Monday 21 September 2015

Reflection: Instrumental vs. Relational debate (Richard Skemp)


      Asking everyone to take a stance on a topic and then defending that stance was something that I hadn’t experienced in a classroom setting for many years.  Initially, I was surprised how many people were on the ‘instrumental’ side of the coin (approximately one third of my colleagues).  It was entirely possible, however, that those that (in class) were on the instrumental side of the debate didn’t actually have that belief (and vice-versa).   

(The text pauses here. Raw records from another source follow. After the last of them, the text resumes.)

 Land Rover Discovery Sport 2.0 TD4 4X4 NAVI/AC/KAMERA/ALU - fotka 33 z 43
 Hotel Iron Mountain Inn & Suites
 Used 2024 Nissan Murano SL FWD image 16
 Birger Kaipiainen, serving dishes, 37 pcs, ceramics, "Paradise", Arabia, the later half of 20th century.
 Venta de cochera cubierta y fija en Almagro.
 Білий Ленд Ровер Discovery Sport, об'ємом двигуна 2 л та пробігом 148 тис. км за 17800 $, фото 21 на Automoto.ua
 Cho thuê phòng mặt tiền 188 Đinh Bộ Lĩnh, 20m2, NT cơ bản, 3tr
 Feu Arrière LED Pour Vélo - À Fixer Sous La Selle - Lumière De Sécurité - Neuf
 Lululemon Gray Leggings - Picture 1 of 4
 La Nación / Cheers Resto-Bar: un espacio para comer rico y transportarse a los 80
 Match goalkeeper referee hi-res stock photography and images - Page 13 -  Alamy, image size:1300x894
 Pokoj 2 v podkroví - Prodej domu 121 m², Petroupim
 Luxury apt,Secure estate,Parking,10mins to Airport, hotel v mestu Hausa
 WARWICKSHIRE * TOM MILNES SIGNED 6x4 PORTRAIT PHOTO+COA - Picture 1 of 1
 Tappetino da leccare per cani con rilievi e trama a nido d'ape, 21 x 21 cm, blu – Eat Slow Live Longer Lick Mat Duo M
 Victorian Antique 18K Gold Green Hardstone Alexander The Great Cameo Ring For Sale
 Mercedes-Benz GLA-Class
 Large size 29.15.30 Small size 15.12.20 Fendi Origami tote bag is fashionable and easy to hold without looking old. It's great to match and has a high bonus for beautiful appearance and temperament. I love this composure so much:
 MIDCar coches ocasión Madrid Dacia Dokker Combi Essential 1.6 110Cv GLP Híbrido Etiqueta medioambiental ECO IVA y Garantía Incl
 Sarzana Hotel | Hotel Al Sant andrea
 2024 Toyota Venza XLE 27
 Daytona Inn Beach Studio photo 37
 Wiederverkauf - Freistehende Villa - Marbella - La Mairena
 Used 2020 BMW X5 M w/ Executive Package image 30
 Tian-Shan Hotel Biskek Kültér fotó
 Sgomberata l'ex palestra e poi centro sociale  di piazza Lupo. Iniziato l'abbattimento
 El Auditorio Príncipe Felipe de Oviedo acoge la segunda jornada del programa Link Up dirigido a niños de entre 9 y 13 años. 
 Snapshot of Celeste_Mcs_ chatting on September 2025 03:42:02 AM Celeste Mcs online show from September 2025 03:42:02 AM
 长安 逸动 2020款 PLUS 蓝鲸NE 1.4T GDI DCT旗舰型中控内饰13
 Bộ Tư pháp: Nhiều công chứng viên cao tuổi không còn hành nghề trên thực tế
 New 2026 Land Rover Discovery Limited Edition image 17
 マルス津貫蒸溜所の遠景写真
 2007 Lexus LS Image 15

      During our discussion, which I thoroughly enjoyed, many different viewpoints and counterpoints were presented from the groups’ brainstorming lists. Many items were subsequently argued accurately from both sides, but (for brevity) I’ll focus on just one.  The ‘achieves that results’ argument (pro-instrumental) involved teaching the Pythagorean Theorem via simple exercises involving right triangles yielding immediate results and thus fluency.  The 'branch out to other problems' pro-relational rebuttal hypothesized: what if a student turned the paper over only to encounter non-right triangles and then proceeded to apply the PT incorrectly (where the Cosine Law is necessary)?  Motivating PT by introducing the more general setting and explaining how PT is a degenerate case of CL1 gives the learner a better understanding of the meaning behind the raw calculations.        

      This brings us back to the original question that Skemp posed: should instrumental and relational mathematics be considered two different subjects?  The jury is still out…



           
1 For a triangle with sides a,b,c>0 and corresponding angles A,B,C we have:
            c2 = a2 + b2 -2abcos(C)        [CL]
            c2 = a2 + b2                         [PT]

   Hence, [CL] = [PT] <=> C = (pi)/2.